Given an observed **aggregate** price index $\mathrm{cpi}_t$ and a matrix of
(known) sectoral aggregation weights $W_{t,k}$ — value-added (VAB) shares — the
goal is to recover the $K$ latent **sectoral** price indices $\varphi_{t,k}$ that
the aggregate is made of. The sectoral indices then feed a downstream nested
Ornstein–Uhlenbeck model (`bayesianOU`) as the market price $\varphi$.

The disaggregation is genuinely Bayesian: the aggregate enters as **evidence**
(an observation density), and the sectoral indices come out as a **posterior**
with credible intervals, not as a single deterministic re-weighting.

## Why "evidence-based": the F1–F6 history

The 0.1.x family advertised "MCMC-free Bayesian disaggregation", but the
aggregate CPI never entered the computation (F1): the "posterior" was derived
from the prior weight matrix alone, the Dirichlet concentration cancelled on
renormalization (F2), the temporal pattern cancelled too (F3), an "efficiency"
term was a fixed constant (F4), there were no recovery tests (F5), and a
correlation helper opportunistically picked whichever of Pearson/Spearman was
larger (F6). That foundational defect — not using the data — cannot be patched
within a deterministic re-weighting; the fix *is* a model that conditions on the
aggregate. The deterministic family has been removed; two honest Bayesian engines
replace it.

## The model (state-space, "Model A")

Latent state in logs, with a random walk plus drift and partial pooling:
$$
\log \varphi_{t,k} = \log \varphi_{t-1,k} + \delta_k + \tau_k\,\eta_{t,k},
\qquad \eta_{t,k}\sim\mathcal N(0,1),
$$
with $\delta_k \sim \mathcal N(\delta_\mu,\delta_\sigma)$ and
$\log\tau_k \sim \mathcal N(\mu_{\log\tau}, \sigma_{\log\tau})$ (the drift and the
innovation scale are pooled across sectors). The cross-section at $t=1$ is anchored
at the aggregate level with an **estimable** dispersion $\omega_{\text{struct}}$
(the real concentration the old Dirichlet $\gamma$ failed to be):
$$
\log\varphi_{1,k} = \log(\text{phi1\_center}) + \omega_{\text{struct}}\,z_k .
$$
The aggregate is the genuine observation:
$$
\mathrm{cpi}_t \sim \mathrm{Student\text{-}t}\!\left(\nu,\ \textstyle\sum_k W_{t,k}\,\varphi_{t,k},\ \sigma\right),
$$
(Gaussian if `student_obs = FALSE`).

### Identification, honestly (rigour by layers)

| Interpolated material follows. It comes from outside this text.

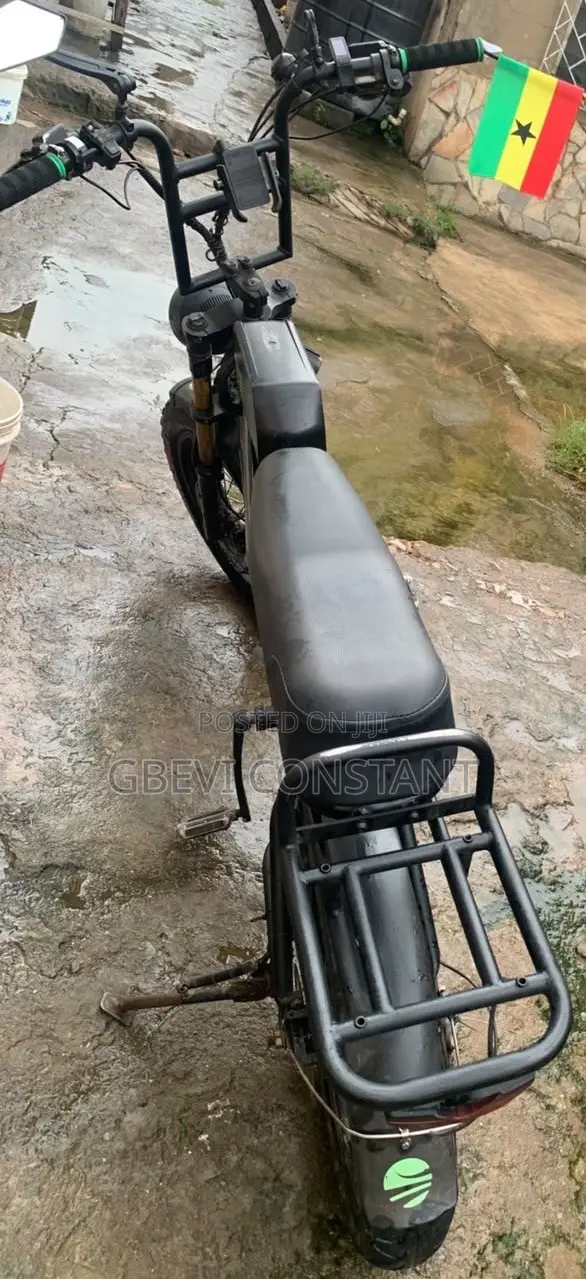 Motorcycle 2024 Black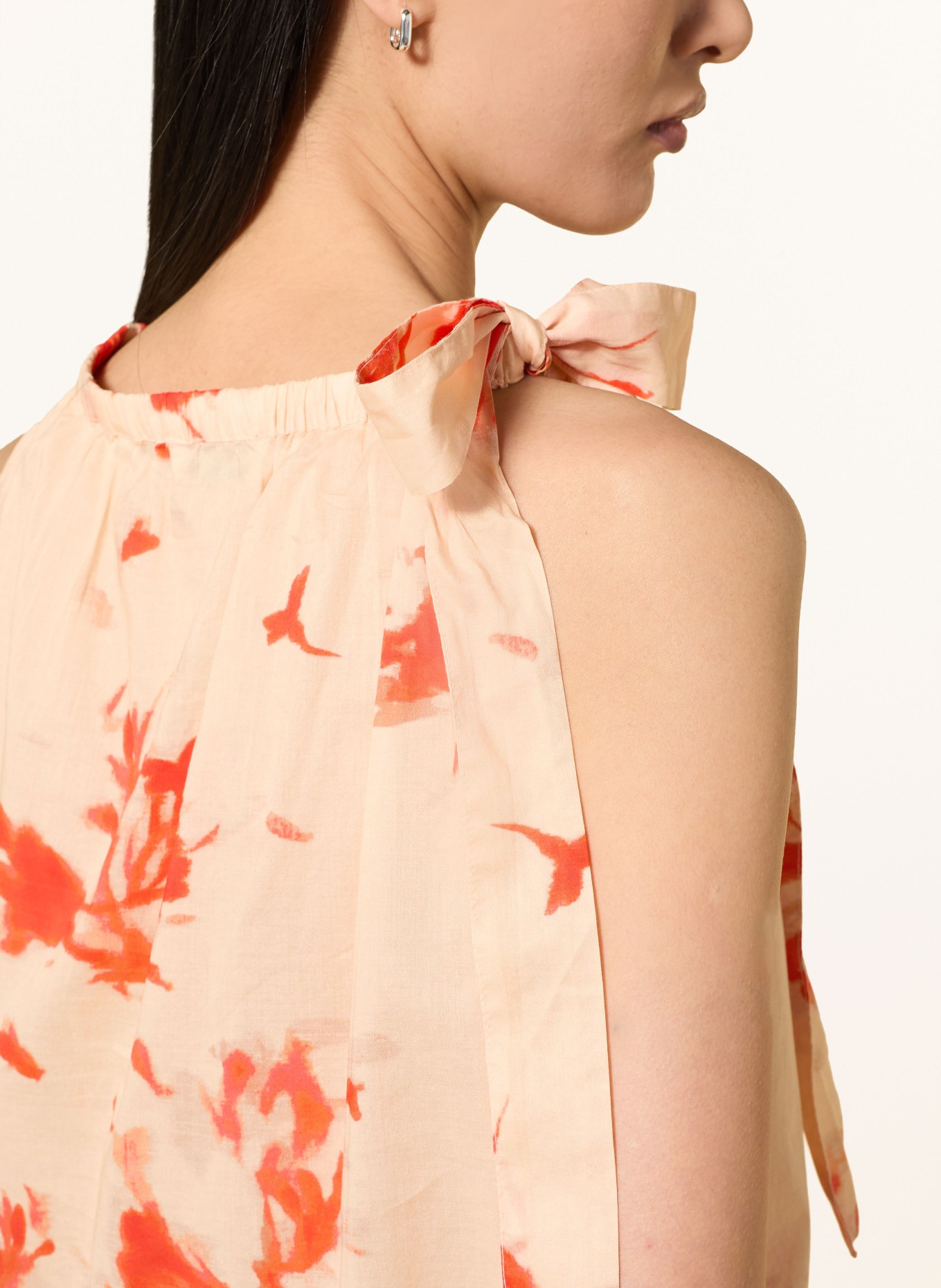 Marc O'Polo Blouse: ORANJE / ZALM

The **aggregate** $\sum_k W\varphi$ is *strongly* identified by the observation
density. The **per-sector** split is only *weakly* identified: at each period one
linear combination of the $K$ sectors is pinned by the CPI, and the remaining
$K-1$ directions are governed by the cross-sectional prior plus temporal
smoothness. So the per-sector intervals are honestly **wide and prior-influenced**.
This is not a defect to hide — it is the correct uncertainty, and it is precisely
why we feed the *full posterior draws* (not a point estimate) to the OU by
multiple imputation: the sectoral uncertainty is propagated, not faked away.

## Two engines, one trade-off

* **Closed-form (conjugate) — `disaggregate_conjugate()`**. A linear-Gaussian
  random walk in *levels* with the same aggregate observation; its exact
  posterior is the Kalman filter + RTS smoother, with no MCMC. Joint posterior
  draws come from the Durbin–Koopman simulation smoother. This is the correct
  realization of the original "MCMC-free posterior" idea.
* **MCMC — `disaggregate_statespace()`**. The richer model above (log scale ⇒
  positivity, Student-t ⇒ robustness to aggregate outliers, hierarchical pooling),
  which is *not* conjugate and therefore needs HMC.

Both are Bayesian. Closed form buys speed and exactness at the cost of a simpler
(Gaussian, linear) model; MCMC buys richness at the cost of sampling.

## A runnable example (closed-form engine)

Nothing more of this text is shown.